CRL has been at the forefront of efforts to preserve scholarly print materials through collaborative action for many years. Having enough print copies for the future becomes more important as weeding within academic libraries increases. Print archiving is an important preservation strategy for future digitization, and academic research needs. The academic library community must provide for future scholars by collaboratively establishing complete print archives. Sharing data about where this content is stored, how it is stored and who has access will be important information for future users. We encourage print archives to identify and preserve content through shared commitment agreements in order to ensure no print is lost.

  • To encourage discussion of print archiving CRL sponsors a Print Archive Network (PAN) meeting at ALA Annual and Midwinter meetings
  • CRL's JSTOR Print Archive is a print project that seeks to serve the future print needs of the academic community.
  • CRL's PAPR database developed by CRL focuses on serials, which are particularly at risk.
  • CRL encourages print archive projects by subject domain in order to ensure important content is preserved by those who understand it best. 

Archiving by Domain

CRL supports efforts to archive print by specified knowledge area or domain. Currently CRL is particularly interested in print archive support for the legal, and agriculture domains.

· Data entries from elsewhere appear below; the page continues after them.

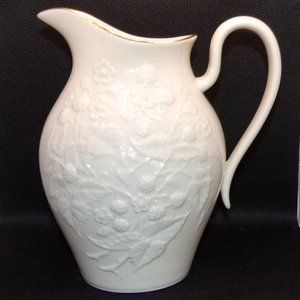 Lenox Pitcher Blackberry Pattern Ivory with Gold Trim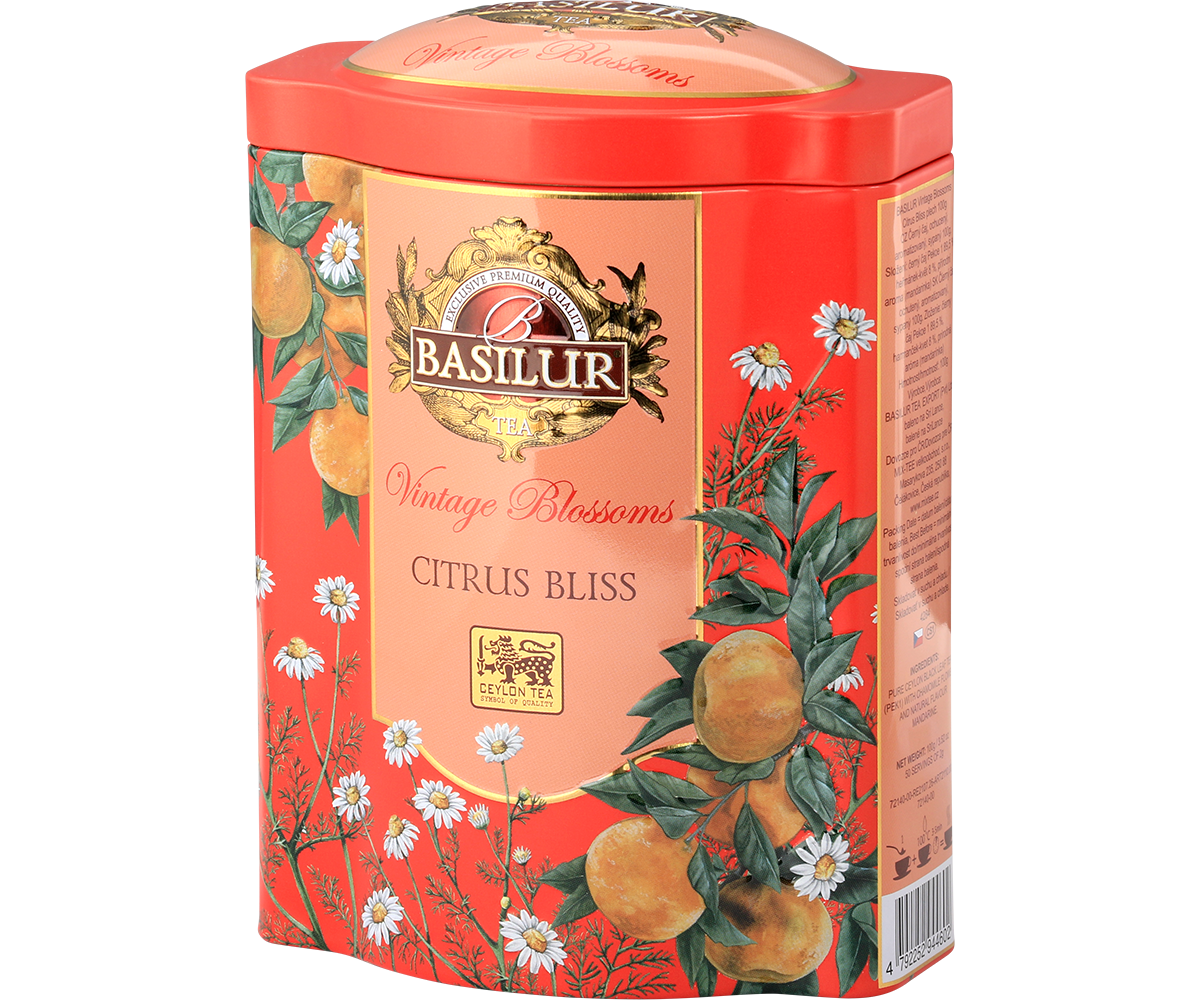 Bok puszki Basilur Citrus Bliss z informacjami o składzie i logo Basilur Tea.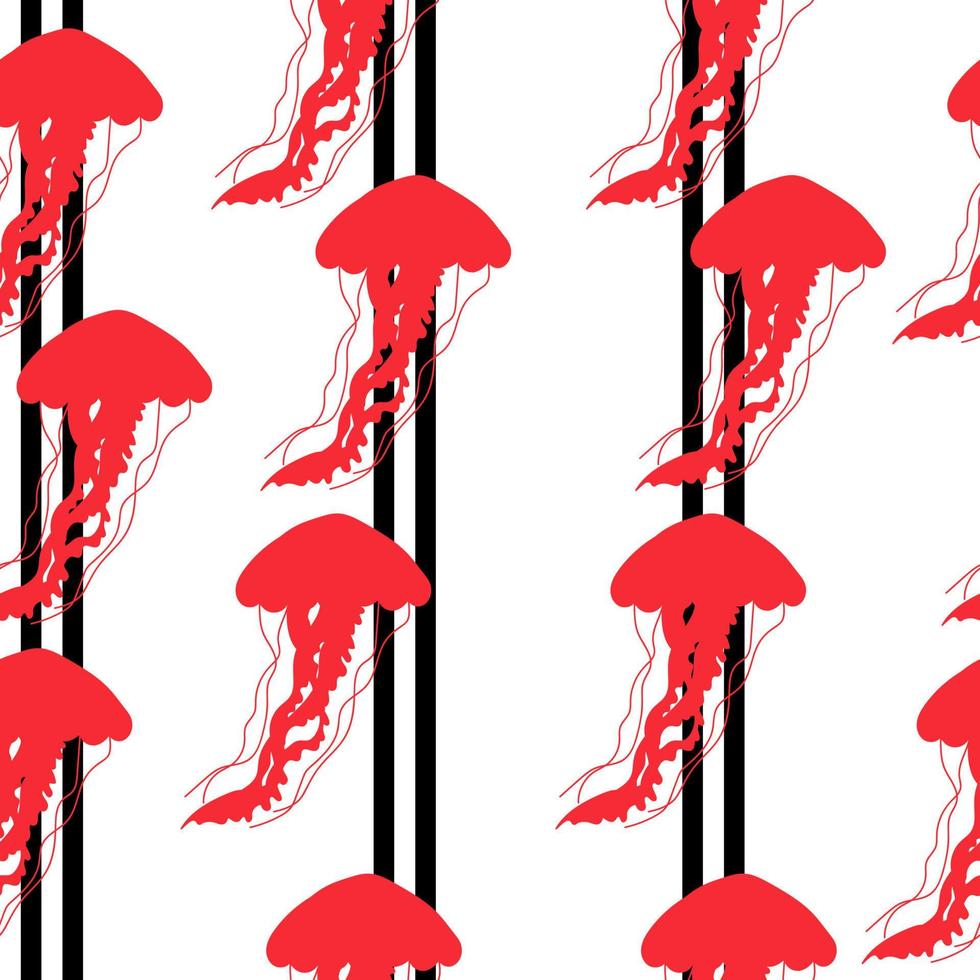 Red silhouette of jellyfish on vertical stripes seamless pattern, bright silhouettes of underwater animals on a white background vector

Read more...

ICON Database

CRL has developed the ICON Database to aggregate detailed, authoritative bibliographic and descriptive information about news resources. ICON helps our members seeking news resources for collection development, discovery and preservation. Read more...

CRL JSTOR Print Archive

CRL JSTOR Print Archive

PAPR Database

PAPR augments existing CRL services and activities that support the strategic management and development of collections at the local and regional level. This broader set of resources is provided to the CRL community and other participants in the Global Resources Programs (GRP). We welcome all ideas and feedback on PAPR.   The usefulness of this tool depends on input and participation from a wide variety of libraries. Read more...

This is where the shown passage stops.